金融庁長官の異例発言の真意は(写真:時事通信フォト)

 フランス新大統領の誕生を皮切りに、長らく停滞していた株価が動き出した。国内では、更なる株価上昇を招き得る“環境整備”も進んでいる。台風の目となっているのが、金融庁長官・森信親(のぶちか)氏だ。

 森氏が4月7日に日本証券アナリスト協会の「第8回国際セミナー」で行なった基調講演「日本の資産運用業界への期待」にそのカギがある。金融ジャーナリストの森岡英樹氏が解説する。

「来年1月から積立NISAがスタートするのを受けて、金融庁が税正優遇の対象となり得る投資信託を選ぼうとする過程で『投信の問題点が浮き彫りになった』と森氏は指摘したのです。『顧客である消費者の真の利益を顧みない、生産者の論理が横行している。とくに資産運用の世界においては、そうした傾向が顕著に見受けられる』と指摘しました。
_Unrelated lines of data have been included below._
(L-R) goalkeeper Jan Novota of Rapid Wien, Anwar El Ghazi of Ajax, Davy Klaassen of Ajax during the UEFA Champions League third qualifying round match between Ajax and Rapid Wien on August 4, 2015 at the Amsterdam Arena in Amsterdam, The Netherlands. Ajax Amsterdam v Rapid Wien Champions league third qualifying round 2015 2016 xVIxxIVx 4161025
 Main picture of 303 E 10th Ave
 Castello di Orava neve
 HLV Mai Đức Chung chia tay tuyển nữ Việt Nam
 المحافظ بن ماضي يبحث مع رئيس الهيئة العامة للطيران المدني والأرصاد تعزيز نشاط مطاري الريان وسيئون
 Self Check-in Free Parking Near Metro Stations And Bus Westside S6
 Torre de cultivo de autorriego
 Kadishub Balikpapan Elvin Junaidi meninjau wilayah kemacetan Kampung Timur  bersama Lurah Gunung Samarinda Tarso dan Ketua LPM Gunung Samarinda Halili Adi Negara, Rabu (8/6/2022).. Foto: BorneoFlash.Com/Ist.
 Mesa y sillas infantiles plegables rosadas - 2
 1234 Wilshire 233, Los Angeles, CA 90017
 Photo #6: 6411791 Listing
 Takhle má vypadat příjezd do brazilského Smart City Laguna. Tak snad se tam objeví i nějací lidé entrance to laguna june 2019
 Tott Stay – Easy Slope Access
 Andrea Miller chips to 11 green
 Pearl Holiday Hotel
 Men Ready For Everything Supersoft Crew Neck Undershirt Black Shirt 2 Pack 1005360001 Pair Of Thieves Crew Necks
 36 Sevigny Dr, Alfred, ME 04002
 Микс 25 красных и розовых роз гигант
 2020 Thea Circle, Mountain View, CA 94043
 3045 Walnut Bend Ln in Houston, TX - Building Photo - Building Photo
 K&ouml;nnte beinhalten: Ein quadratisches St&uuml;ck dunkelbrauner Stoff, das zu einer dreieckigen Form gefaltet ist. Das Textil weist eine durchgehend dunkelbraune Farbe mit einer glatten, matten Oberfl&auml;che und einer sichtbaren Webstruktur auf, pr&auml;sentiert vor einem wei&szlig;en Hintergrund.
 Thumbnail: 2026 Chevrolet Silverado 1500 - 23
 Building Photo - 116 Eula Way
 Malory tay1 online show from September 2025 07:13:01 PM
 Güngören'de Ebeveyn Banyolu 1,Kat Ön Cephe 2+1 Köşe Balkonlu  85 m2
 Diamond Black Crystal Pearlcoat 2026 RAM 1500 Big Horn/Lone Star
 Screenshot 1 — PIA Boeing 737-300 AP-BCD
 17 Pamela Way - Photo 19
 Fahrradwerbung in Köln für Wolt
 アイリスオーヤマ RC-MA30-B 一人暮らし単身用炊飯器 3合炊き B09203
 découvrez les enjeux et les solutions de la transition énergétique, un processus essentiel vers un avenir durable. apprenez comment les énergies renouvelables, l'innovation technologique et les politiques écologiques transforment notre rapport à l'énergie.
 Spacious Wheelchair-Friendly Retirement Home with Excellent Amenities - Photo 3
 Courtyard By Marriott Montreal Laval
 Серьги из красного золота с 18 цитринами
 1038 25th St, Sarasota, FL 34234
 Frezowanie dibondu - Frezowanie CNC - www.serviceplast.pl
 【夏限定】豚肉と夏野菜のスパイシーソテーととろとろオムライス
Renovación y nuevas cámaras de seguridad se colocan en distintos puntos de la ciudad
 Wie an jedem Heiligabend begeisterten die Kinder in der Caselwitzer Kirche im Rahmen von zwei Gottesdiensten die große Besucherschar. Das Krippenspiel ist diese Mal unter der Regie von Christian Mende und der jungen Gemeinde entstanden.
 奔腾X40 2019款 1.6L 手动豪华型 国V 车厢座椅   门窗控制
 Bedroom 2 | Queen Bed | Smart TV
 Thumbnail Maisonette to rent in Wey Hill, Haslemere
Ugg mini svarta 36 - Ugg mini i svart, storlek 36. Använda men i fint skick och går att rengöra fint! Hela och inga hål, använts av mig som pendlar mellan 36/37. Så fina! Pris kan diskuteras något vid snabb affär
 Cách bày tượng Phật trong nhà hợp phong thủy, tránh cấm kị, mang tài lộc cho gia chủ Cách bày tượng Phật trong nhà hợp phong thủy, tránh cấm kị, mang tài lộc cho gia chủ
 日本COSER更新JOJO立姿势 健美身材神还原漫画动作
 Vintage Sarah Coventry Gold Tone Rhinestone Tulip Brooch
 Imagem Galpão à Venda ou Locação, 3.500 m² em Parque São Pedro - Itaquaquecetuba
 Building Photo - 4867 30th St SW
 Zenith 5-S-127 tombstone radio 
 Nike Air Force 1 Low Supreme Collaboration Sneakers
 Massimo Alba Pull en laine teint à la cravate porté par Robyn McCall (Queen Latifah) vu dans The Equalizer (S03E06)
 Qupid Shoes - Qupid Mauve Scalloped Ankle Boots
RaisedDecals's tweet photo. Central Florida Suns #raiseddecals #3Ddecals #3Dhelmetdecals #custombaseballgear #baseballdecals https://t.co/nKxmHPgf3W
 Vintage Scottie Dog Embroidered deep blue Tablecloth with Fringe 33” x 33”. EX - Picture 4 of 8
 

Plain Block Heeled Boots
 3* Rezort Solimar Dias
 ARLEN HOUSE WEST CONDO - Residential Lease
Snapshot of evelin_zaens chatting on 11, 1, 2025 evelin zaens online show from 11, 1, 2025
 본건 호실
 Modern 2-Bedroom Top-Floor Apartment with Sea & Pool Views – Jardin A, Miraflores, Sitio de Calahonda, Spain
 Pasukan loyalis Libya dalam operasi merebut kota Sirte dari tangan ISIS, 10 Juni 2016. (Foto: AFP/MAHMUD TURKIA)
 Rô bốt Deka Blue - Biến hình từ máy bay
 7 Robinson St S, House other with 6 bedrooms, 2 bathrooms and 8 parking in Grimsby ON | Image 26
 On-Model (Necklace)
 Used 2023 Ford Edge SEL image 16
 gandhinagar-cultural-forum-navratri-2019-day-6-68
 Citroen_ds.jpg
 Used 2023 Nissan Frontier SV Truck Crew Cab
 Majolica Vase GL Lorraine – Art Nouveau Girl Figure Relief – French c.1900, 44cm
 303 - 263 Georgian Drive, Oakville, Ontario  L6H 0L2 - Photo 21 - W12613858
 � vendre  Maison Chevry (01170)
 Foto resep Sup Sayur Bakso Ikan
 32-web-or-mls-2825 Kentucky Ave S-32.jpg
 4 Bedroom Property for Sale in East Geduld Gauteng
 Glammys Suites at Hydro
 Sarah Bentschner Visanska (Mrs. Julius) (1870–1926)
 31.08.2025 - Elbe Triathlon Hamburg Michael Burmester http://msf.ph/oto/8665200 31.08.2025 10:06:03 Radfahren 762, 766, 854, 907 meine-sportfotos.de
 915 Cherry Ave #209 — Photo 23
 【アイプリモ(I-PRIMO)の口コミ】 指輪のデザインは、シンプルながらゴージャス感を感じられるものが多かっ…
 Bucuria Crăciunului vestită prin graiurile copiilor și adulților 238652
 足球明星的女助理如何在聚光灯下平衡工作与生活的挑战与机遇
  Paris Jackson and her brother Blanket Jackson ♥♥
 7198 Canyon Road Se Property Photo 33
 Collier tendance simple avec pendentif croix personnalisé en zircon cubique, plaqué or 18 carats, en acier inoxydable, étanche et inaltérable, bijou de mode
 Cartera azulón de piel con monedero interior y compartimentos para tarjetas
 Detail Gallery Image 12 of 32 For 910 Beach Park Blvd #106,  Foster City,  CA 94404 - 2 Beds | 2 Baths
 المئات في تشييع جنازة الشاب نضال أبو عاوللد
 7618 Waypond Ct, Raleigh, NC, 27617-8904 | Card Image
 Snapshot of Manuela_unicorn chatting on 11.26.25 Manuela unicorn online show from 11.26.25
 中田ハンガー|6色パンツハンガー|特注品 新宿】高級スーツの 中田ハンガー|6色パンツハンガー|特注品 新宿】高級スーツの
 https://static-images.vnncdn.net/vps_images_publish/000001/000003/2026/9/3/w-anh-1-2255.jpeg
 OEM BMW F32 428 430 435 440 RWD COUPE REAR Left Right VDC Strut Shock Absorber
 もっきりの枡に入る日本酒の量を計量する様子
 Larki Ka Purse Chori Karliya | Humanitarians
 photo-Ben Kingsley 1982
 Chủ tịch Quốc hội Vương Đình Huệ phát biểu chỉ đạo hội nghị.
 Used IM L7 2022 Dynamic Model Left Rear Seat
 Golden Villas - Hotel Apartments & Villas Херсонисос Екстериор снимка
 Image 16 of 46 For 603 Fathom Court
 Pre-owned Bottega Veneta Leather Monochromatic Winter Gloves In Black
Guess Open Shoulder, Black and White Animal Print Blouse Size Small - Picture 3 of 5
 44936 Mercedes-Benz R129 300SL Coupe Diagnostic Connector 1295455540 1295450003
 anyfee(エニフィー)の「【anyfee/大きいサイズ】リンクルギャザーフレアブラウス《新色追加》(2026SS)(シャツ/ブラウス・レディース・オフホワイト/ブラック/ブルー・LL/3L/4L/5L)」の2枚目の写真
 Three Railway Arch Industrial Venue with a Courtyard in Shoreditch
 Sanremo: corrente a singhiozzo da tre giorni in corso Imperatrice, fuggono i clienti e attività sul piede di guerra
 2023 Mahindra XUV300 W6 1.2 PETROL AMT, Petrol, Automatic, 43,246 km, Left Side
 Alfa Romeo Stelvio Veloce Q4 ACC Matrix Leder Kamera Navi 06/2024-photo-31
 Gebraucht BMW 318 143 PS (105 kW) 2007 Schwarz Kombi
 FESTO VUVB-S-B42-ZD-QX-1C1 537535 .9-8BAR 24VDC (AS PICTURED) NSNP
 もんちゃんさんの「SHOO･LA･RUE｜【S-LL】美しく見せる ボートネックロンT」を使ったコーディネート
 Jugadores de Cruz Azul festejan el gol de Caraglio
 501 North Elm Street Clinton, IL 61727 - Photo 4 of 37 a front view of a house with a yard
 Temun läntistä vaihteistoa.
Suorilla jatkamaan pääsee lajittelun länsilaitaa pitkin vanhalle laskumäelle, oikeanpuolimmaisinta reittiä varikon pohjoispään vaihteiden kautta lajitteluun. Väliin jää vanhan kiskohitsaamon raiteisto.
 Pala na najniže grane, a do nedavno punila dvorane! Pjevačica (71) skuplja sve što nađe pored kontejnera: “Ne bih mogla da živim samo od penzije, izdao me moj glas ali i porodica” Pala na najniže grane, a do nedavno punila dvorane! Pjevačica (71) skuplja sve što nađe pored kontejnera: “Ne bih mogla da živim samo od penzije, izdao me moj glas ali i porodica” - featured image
 そのうえで、日本で売られている公募株式投信5406本のなかで、『ノーロード(販売手数料無料)で信託報酬が一定率以下のもの』などの条件に限って見ると、積立NISAの対象として残ったのは全体の1%弱となる50本以下だったと言明したのです。要は“ほぼすべての投信が手数料が高いし、不透明”といっているようなもの。これまでの金融庁長官では考えられない痛烈な批判でした」

 積立NISAは森氏が発起人となった新制度だ。個人の資産形成を支援することを目的とし、顧客は“税制上の優遇措置”を受けられる。その対象となる投信は、金融会社にとってドル箱としての期待が大きい。